- Exercise: The response should consist of the data below, copied exactly, with no pictures in it.

- Material provided:

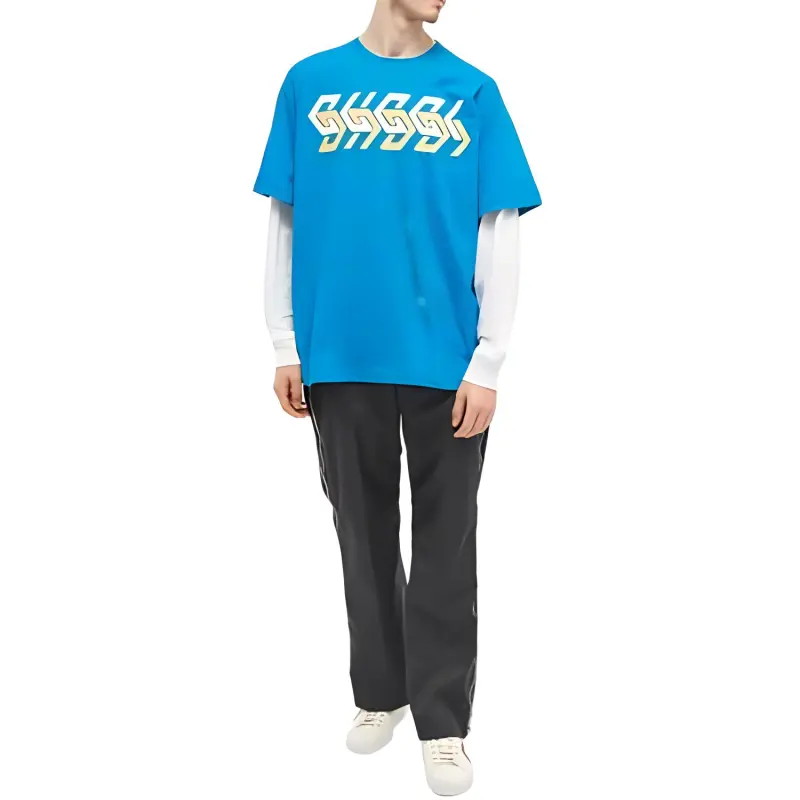 GUCCI T Shirts Men Blue-1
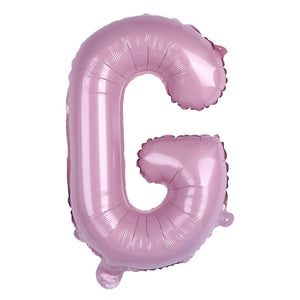 16-inch Baby Pink Alphabet Letter g Foil Balloon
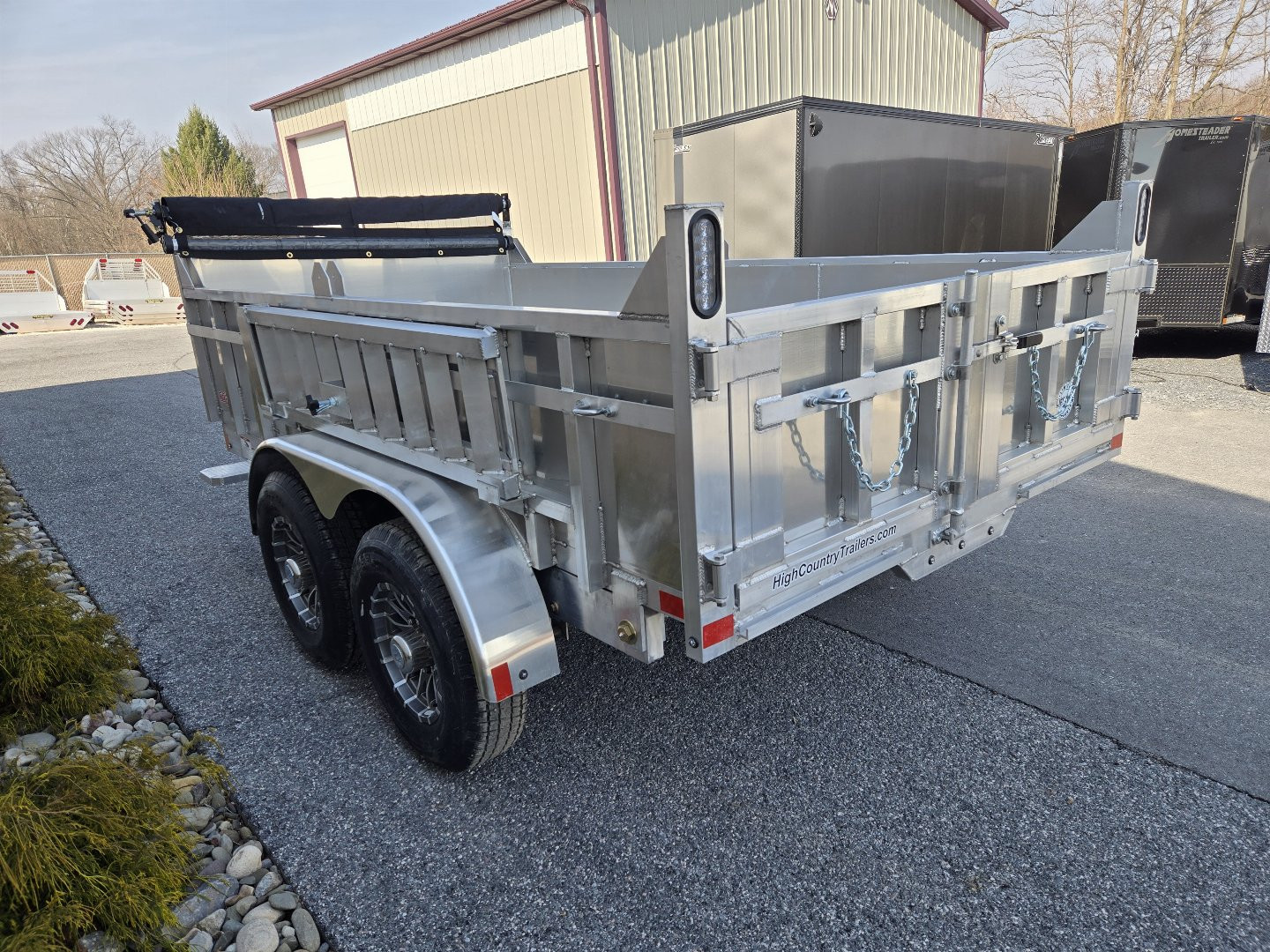 New 6 x 12 High Country Aluminum Dump Trailer, 10K GVWR ***Includes Ramps, Tarp Kit, Tie Downs, 7K Axles, & 16" Aluminum Wheels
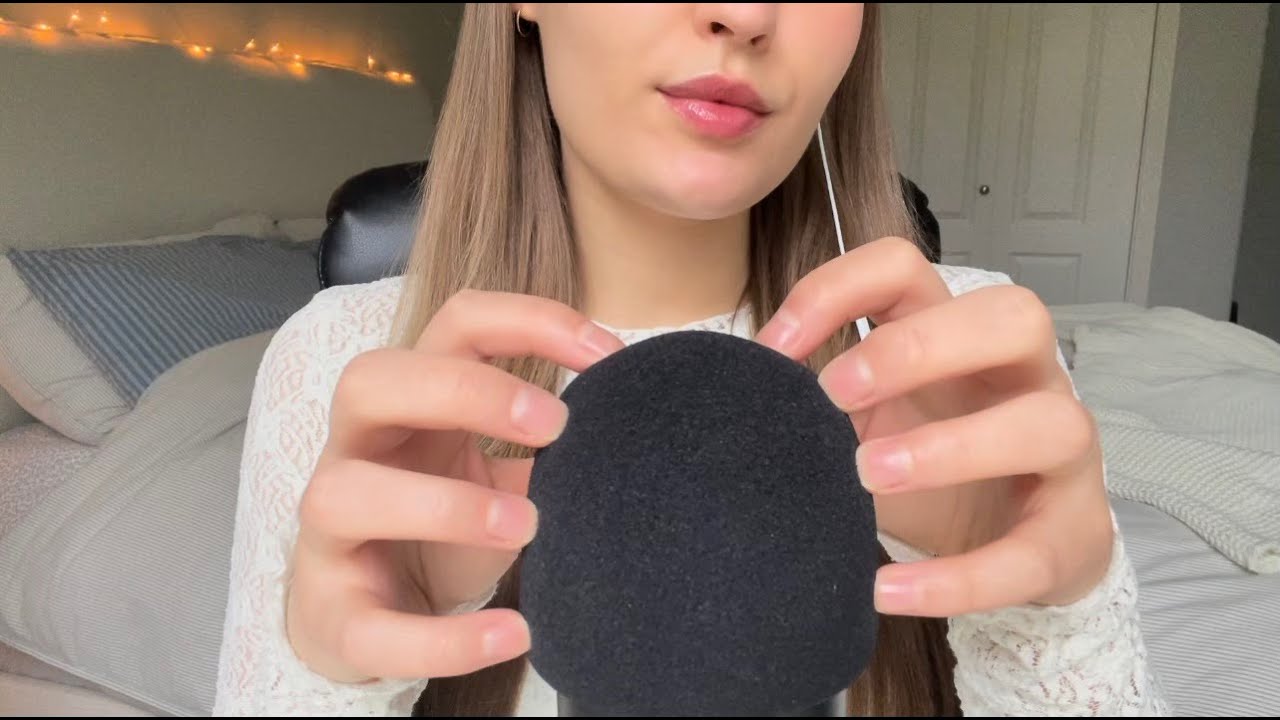 💥ASMR 30 Minutes of Foam Mic Scratching, Pumping, Swirling & Poking + ROUGH Scraping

- Result of the exercise:
 GUCCI T Shirts Men Blue-1
 16-inch Baby Pink Alphabet Letter g Foil Balloon
 New 6 x 12 High Country Aluminum Dump Trailer, 10K GVWR ***Includes Ramps, Tarp Kit, Tie Downs, 7K Axles, & 16" Aluminum Wheels
 💥ASMR 30 Minutes of Foam Mic Scratching, Pumping, Swirling & Poking + ROUGH Scraping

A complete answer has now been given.